Hands-on Tutorials
Spotify API and Audio Features
One gal’s journey to make a playlist her mom can dance to
Tableau Public Dashboard (only looks good on desktop, honestly)
Jupyter Notebook
This is a follow-up to my previous post, Visualizing Spotify Data with Python and Tableau.
The most fun I’ve ever had dancing on a night out was when I went to an Indie Night on a Tuesday in London in 2015. I have frequently exercised while listening to Phoebe Bridgers. This morning I looked at the “Sad Girl Starter Pack” playlist on Spotify and thought “wow these songs are all bops!” Needless to say, I am not the best person to ask to DJ a party.

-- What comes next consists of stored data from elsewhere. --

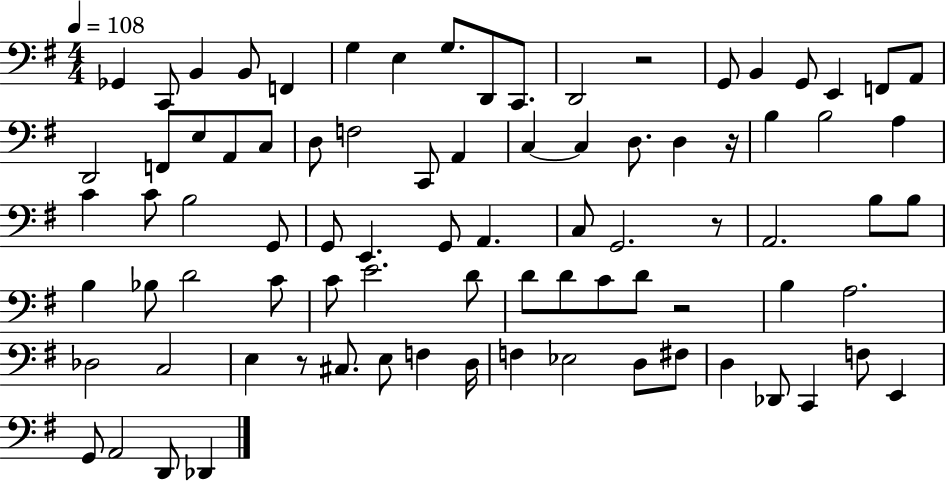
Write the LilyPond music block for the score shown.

{
  \clef bass
  \numericTimeSignature
  \time 4/4
  \key g \major
  \tempo 4 = 108
  ges,4 c,8 b,4 b,8 f,4 | g4 e4 g8. d,8 c,8. | d,2 r2 | g,8 b,4 g,8 e,4 f,8 a,8 | \break d,2 f,8 e8 a,8 c8 | d8 f2 c,8 a,4 | c4~~ c4 d8. d4 r16 | b4 b2 a4 | \break c'4 c'8 b2 g,8 | g,8 e,4. g,8 a,4. | c8 g,2. r8 | a,2. b8 b8 | \break b4 bes8 d'2 c'8 | c'8 e'2. d'8 | d'8 d'8 c'8 d'8 r2 | b4 a2. | \break des2 c2 | e4 r8 cis8. e8 f4 d16 | f4 ees2 d8 fis8 | d4 des,8 c,4 f8 e,4 | \break g,8 a,2 d,8 des,4 | \bar "|."
} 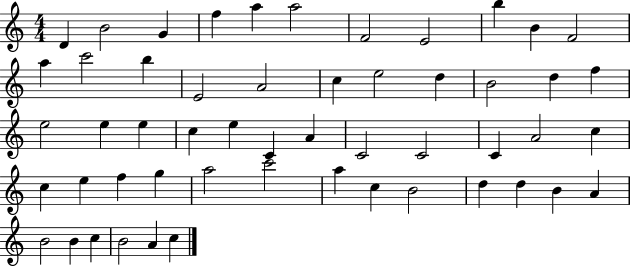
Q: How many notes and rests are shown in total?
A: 53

This summer, I was tasked with picking the music for a 12 hour car ride with my 66-year-old father, 62-year-old mother, 13-year-old dog, and 4-year-old nephew. The criteria? “Something I can dance to,” according to my mom. I knew this meant no Lana Del Rey, but beyond that I wasn’t sure. I landed on this Guardians of the Galaxy playlist, which was definitely a crowd pleaser. But I was curious what songs within my own library would be considered “danceable.”
Fortunately, after downloading my library from Spotify I was able to use Spotify’s API to pull a number of audio features about each song: Danceability, Energy, Instrumentalness, Popularity, Speechiness, and Tempo. I can now see which songs in my library score highest/lowest on these metrics, as well as how my most-played songs & artists fall on the spectrum.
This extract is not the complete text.